His Honour rejected the purchaser's argument that there were 2 contracts which, although providing for simultaneous settlement, were separate, and that the provision in the business sale contract operated only with respect to the subject-matter of that contract and accordingly excluded the land sale, entitling it to claim input tax credits in respect of the purchase of the land.

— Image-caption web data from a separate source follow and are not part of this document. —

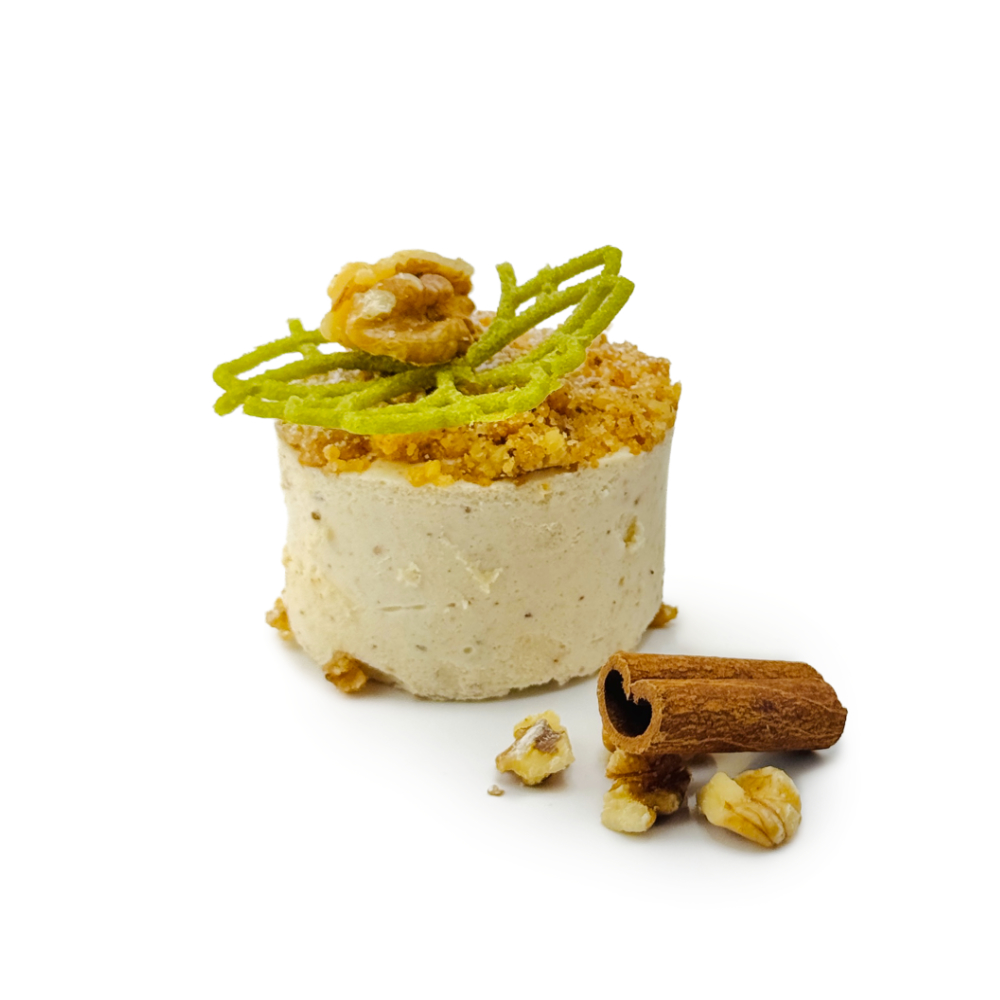 Bratapfelmousse mit Walnuss-Zimt Crumble; freistehend oder Nachfüller für 80 ml Glas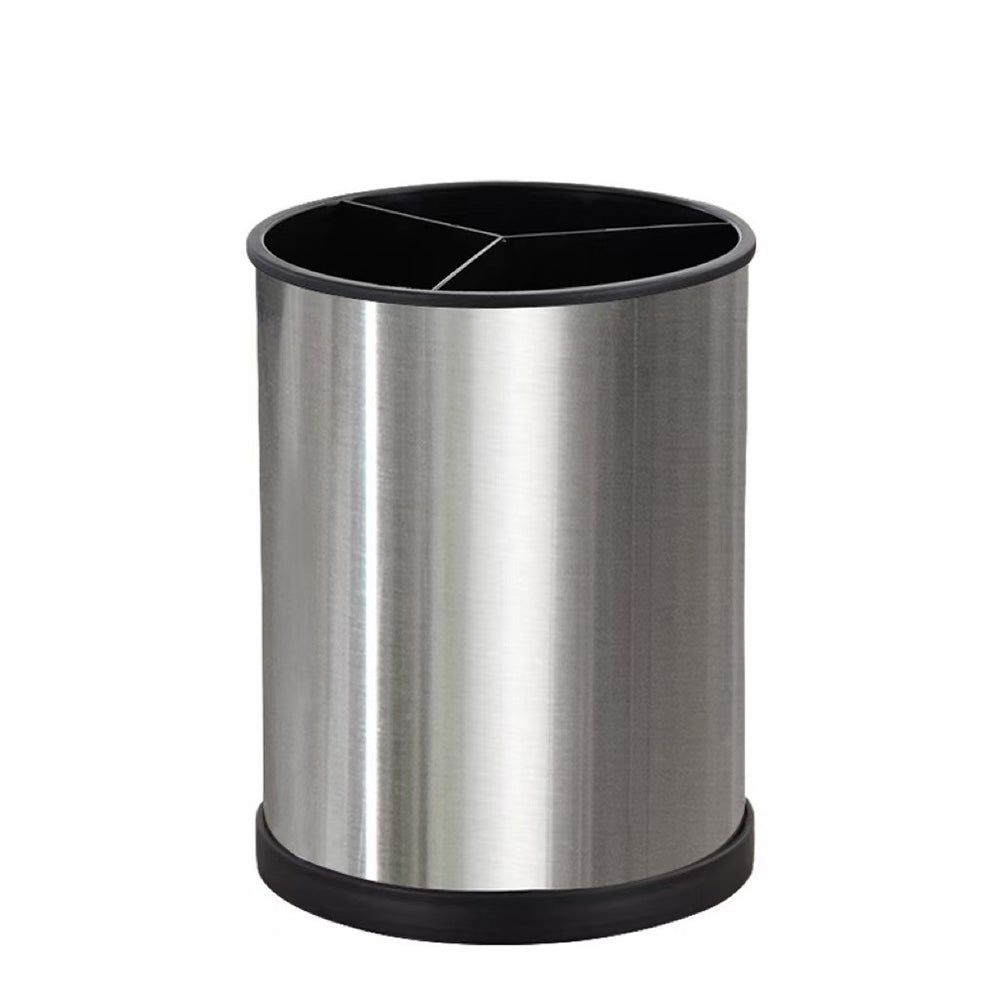 360 Degree Rotating Stainless Steel Kitchen Utensil Holder with Drain Holes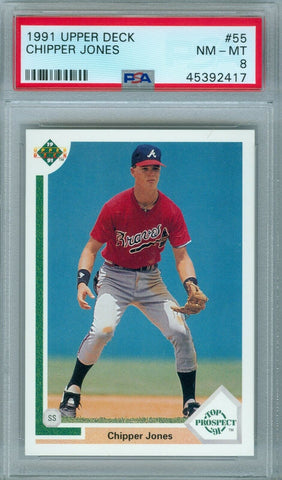 CHIPPER JONES 1991 UPPER DECK RC ROOKIE #55 PSA 8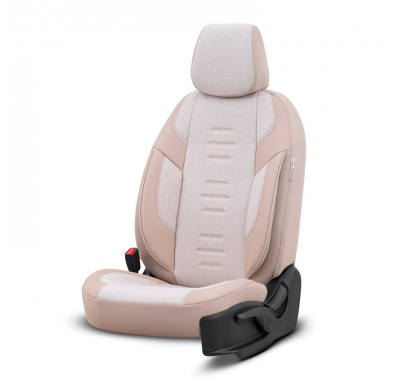 Juego de fundas de asiento universales en lino/cuero/tela 'Throne' Crema - 11 piezas - apto para airbags laterales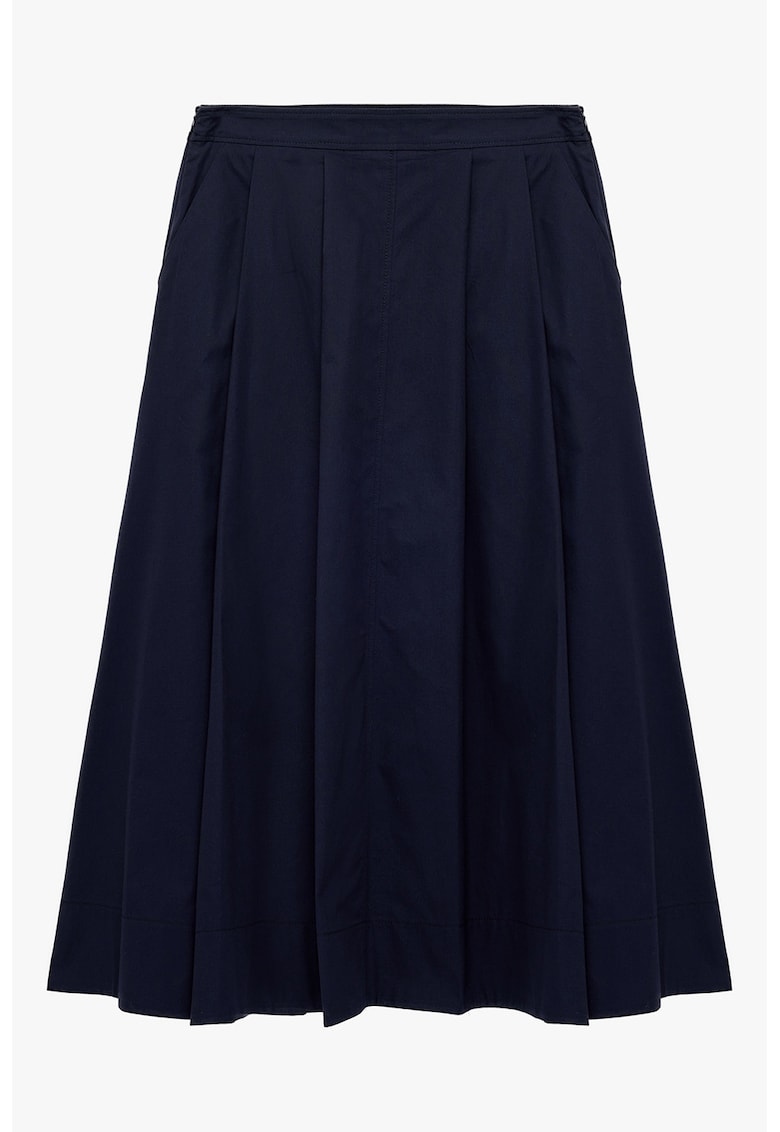Fusta midi cu pliuri - Bleumarin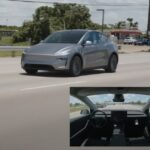 A screenshot of a video of a Tesla Model Y delivering itself to a customer in Austin, Texas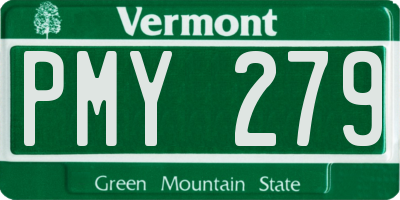 VT license plate PMY279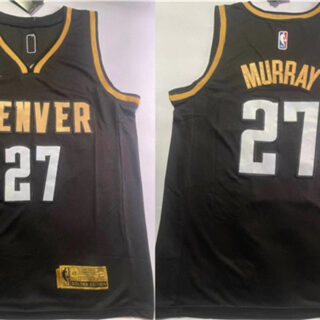 Men's Denver Nuggets #27 Jamal Murray Black With NO.6 Patch Stitched Jersey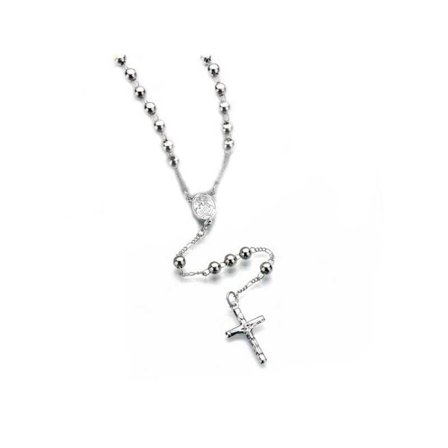 Halsband Jesus Kors Långt Vitguldpläterat Radband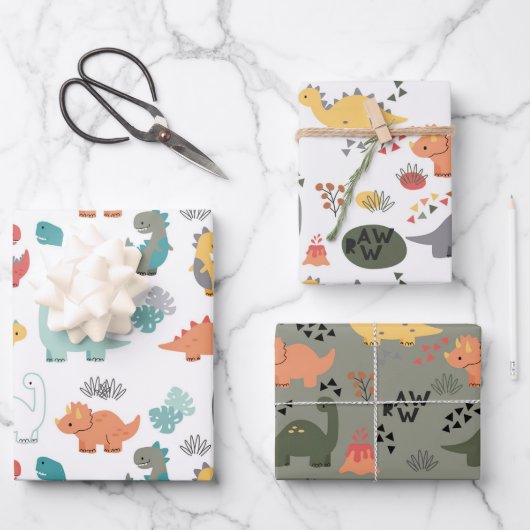恐竜のパターンの子供 ラッピングペーパーシート (正面)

His Honour said at para 24:
"The present enterprise is the business of the hotel. It is attached to land. The parties intended that the supply would be of the business carried on where it was conducted at the time of the sale. The [purchaser] correctly conceded that the land was one of the things necessary for the continued operation of the hotel business...The relevant going concern for the purposes of the GST Act was accordingly the business and the land on which it was situated. The phrase "going concern" might have an alternative meaning in a different context but that was its meaning in the present circumstances for the purpose of the GST Act."
Debonne Holdings Pty Ltd and FCT  AATA 886 (AAT, Downes J, President, 19 October 2006).